Institutional investors counted for only about 20% of the firm’s $250 million second fund, with individual investors picking up the rest of the tab. But institutions were bullish on Madrona this time around. They put down about $130 million, or 80% of fund III.

Big backers bought into the fund to take advantage of Seattle’s burgeoning economy for tech startups. James Clark, head of private equity for the Kauffman Foundation, says the foundation’s investment in Madrona was “a smart way for us to access some of the nation’s most talented technology entrepreneurs outside of Silicon Valley.”

What’s got Clark excited is that the Pacific Northwest is becoming a more interesting place to look for startups as local giants such as Microsoft Corp., Amazon.com, and T-Mobile USA mature.

“Microsoft has more opportunity to spin things off,” says John Jenks, the chief investment officer and treasurer of The James Irvine Foundation, a new Madrona backer.
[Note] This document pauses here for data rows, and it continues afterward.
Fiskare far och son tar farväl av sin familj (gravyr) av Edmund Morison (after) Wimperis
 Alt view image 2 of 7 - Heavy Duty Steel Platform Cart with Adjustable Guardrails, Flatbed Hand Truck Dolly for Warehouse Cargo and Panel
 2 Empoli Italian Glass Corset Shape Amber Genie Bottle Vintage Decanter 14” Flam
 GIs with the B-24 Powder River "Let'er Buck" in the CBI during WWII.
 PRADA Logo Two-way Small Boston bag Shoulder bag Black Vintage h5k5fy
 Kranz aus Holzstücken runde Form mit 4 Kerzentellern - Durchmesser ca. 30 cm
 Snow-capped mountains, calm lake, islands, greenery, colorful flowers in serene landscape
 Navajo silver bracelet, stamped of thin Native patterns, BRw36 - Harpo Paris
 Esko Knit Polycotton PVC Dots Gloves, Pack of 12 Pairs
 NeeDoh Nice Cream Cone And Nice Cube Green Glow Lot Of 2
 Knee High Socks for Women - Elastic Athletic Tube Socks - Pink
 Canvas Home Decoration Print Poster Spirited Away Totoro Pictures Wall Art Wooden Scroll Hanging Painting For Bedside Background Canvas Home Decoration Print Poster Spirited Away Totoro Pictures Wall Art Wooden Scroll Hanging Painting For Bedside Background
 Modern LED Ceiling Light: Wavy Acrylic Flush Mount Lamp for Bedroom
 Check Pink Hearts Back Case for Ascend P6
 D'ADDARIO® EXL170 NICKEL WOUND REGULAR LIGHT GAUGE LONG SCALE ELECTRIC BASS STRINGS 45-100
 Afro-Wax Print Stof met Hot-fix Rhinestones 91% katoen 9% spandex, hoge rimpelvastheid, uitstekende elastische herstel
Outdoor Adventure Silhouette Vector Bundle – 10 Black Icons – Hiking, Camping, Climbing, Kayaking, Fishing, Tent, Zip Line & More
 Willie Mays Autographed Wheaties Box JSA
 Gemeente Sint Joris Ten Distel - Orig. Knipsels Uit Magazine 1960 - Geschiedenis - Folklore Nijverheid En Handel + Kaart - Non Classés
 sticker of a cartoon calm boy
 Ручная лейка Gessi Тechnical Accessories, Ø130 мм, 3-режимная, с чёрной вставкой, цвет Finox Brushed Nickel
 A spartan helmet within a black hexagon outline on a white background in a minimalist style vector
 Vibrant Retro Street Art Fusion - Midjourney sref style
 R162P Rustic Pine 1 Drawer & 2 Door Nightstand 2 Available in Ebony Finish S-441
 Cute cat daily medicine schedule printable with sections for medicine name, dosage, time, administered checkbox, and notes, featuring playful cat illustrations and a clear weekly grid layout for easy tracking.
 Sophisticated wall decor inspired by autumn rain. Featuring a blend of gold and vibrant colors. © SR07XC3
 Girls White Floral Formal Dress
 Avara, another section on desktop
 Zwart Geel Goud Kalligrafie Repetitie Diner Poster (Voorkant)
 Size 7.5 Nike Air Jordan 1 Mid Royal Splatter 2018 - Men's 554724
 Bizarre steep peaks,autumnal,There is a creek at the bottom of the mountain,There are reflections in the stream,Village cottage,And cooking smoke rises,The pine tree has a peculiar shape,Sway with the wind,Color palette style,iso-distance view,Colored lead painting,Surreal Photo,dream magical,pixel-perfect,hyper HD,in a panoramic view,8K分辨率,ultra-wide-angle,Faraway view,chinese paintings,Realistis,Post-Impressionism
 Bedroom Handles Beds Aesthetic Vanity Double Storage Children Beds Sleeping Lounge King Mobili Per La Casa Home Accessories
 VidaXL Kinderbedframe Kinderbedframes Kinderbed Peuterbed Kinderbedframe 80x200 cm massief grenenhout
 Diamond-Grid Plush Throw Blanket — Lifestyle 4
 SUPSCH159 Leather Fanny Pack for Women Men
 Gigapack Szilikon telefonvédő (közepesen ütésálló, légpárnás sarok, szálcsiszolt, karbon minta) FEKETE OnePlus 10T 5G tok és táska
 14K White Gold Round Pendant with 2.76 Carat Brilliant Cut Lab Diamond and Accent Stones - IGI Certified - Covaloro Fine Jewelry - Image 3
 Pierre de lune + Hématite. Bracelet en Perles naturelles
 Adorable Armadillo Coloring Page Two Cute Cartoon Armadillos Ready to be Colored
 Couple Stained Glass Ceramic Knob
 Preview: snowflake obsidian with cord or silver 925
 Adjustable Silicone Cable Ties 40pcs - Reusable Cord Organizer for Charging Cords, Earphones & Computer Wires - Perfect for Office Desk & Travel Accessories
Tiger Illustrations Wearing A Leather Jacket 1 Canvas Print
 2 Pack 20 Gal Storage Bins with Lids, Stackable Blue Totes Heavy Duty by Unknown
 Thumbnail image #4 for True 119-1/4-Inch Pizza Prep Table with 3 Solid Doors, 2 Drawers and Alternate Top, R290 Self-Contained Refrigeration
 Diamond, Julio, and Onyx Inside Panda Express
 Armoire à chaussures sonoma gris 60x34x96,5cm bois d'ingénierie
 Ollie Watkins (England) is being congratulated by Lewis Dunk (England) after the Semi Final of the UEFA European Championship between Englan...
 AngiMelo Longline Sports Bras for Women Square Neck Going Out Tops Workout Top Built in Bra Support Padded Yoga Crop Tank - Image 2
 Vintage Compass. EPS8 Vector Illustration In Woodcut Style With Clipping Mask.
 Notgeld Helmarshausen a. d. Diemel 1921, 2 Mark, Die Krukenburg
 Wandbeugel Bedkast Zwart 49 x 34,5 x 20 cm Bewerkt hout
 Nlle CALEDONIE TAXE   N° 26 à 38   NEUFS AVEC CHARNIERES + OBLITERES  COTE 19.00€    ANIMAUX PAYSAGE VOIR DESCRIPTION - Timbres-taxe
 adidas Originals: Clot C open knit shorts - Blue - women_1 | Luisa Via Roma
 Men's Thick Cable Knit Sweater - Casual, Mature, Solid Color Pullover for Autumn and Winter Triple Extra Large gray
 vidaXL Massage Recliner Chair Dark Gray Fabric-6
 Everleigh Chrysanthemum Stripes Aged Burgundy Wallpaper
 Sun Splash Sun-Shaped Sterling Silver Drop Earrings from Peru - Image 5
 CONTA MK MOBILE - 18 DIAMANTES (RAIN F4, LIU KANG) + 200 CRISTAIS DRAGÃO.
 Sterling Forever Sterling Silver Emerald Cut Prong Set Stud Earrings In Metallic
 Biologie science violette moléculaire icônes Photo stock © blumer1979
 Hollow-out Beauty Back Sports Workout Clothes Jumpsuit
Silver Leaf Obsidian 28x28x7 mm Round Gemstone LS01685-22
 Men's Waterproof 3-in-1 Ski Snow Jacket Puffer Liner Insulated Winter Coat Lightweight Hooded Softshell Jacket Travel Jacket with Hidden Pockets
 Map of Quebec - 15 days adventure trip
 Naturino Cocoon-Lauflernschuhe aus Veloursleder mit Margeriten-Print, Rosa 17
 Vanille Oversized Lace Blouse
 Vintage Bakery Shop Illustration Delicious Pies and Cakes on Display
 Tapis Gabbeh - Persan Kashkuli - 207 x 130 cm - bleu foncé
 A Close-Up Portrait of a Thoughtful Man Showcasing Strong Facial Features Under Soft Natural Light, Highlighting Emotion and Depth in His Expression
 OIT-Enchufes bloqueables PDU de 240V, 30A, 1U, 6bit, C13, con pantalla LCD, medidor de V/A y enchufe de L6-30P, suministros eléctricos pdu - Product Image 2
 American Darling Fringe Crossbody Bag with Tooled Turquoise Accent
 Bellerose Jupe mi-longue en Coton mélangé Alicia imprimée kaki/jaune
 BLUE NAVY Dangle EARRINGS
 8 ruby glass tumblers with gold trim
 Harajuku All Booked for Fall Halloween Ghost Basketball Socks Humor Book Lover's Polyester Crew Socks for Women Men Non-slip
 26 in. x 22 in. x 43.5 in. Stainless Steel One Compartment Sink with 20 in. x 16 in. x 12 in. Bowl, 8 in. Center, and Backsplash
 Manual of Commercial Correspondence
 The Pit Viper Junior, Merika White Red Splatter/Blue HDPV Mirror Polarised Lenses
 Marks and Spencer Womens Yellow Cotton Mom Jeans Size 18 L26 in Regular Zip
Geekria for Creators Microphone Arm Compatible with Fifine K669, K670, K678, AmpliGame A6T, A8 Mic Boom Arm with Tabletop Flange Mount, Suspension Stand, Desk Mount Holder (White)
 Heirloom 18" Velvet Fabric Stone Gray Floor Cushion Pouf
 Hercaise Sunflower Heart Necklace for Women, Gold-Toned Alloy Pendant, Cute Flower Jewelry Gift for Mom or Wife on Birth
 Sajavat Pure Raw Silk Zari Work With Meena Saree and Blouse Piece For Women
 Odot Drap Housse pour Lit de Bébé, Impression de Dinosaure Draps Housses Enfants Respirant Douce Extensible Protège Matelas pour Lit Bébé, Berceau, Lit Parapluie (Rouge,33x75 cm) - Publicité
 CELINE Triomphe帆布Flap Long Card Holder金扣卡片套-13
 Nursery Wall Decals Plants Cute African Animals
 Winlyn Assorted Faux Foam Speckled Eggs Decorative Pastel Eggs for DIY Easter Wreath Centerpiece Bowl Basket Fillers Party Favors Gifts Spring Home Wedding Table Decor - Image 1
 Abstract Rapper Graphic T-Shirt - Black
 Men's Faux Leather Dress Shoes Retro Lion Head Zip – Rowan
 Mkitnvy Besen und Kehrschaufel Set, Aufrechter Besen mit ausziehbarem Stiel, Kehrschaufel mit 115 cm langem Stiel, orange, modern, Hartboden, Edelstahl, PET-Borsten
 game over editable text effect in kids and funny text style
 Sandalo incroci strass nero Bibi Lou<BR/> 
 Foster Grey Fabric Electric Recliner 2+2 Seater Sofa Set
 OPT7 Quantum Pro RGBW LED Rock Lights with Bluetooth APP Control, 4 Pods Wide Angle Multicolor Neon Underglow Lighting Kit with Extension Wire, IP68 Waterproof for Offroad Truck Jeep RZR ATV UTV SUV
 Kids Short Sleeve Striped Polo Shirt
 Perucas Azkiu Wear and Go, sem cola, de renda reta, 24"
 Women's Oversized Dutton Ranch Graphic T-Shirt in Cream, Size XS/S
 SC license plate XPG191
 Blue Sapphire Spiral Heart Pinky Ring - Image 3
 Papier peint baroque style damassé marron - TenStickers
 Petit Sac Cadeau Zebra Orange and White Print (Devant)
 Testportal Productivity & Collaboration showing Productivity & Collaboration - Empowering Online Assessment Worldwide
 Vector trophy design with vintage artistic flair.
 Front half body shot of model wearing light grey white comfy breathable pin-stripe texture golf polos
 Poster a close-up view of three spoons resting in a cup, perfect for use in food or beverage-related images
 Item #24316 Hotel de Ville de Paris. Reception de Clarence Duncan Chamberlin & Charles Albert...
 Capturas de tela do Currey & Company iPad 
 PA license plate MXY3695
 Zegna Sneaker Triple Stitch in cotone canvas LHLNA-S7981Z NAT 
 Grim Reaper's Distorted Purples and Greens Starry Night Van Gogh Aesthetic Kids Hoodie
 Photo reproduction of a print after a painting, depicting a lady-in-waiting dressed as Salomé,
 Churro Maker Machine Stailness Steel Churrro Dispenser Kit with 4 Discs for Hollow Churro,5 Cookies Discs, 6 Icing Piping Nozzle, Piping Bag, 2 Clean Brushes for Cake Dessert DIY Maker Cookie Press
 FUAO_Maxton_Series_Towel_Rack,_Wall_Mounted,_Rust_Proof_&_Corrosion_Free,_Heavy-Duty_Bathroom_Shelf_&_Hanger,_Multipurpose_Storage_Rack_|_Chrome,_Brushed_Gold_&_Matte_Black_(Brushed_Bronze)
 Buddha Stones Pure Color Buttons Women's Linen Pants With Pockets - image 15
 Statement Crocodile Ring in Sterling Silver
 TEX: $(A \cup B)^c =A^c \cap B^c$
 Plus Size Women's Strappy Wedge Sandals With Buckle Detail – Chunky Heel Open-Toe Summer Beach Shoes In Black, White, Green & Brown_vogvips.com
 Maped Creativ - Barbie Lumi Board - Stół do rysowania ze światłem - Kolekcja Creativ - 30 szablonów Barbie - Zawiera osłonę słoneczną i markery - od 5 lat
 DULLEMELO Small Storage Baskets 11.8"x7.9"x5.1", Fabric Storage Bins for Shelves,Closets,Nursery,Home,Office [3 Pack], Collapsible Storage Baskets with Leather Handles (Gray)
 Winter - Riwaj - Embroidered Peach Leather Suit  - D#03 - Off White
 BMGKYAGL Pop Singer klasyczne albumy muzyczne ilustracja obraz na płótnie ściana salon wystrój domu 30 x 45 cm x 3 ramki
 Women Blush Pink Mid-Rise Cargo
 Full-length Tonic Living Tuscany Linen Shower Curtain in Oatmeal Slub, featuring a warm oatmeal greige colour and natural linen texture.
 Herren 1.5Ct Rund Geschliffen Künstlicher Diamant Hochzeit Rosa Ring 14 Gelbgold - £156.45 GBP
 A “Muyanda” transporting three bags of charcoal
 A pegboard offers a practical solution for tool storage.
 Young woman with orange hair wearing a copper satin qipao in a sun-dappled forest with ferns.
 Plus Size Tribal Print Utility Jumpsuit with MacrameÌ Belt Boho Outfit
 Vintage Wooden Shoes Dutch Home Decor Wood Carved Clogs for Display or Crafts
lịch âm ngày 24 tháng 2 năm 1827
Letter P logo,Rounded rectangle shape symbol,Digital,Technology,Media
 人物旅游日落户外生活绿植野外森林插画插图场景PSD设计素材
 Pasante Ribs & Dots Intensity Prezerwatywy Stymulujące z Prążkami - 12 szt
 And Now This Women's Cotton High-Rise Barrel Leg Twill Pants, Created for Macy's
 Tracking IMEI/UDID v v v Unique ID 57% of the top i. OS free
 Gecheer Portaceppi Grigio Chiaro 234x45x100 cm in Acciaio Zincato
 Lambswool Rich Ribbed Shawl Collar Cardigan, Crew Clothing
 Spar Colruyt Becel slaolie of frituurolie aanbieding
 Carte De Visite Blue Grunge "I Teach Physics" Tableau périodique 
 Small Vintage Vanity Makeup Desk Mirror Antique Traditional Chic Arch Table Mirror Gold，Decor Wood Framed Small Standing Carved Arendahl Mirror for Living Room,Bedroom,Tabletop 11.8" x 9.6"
But it’s not just promising startups coming out of the big tech companies. “If they have stagnant stock prices, you’re seeing very good people flow out of those companies that you wouldn’t have had in the past,” says Madrona Managing Director Greg Gottesman.

Gottesman says that he’s currently evaluating a software startup spawned by Microsoft. It wouldn’t be a first for Madrona. In January 2005, it backed online marketing startup Mercent, which is run by Eric Best, a former Amazon.com exec who brokered the online bookseller’s deal with Toys “R” Us.

Even though Madrona gained new institutional investors, it lost a major corporate backer—Microsoft. The company dropped out of the third fund as part of a strategic change driven by personnel changes, Gottesman says. But the fund still counts several senior Microsoft executives among its individual investors, though neither Bill Gates nor Steve Ballmer are involved.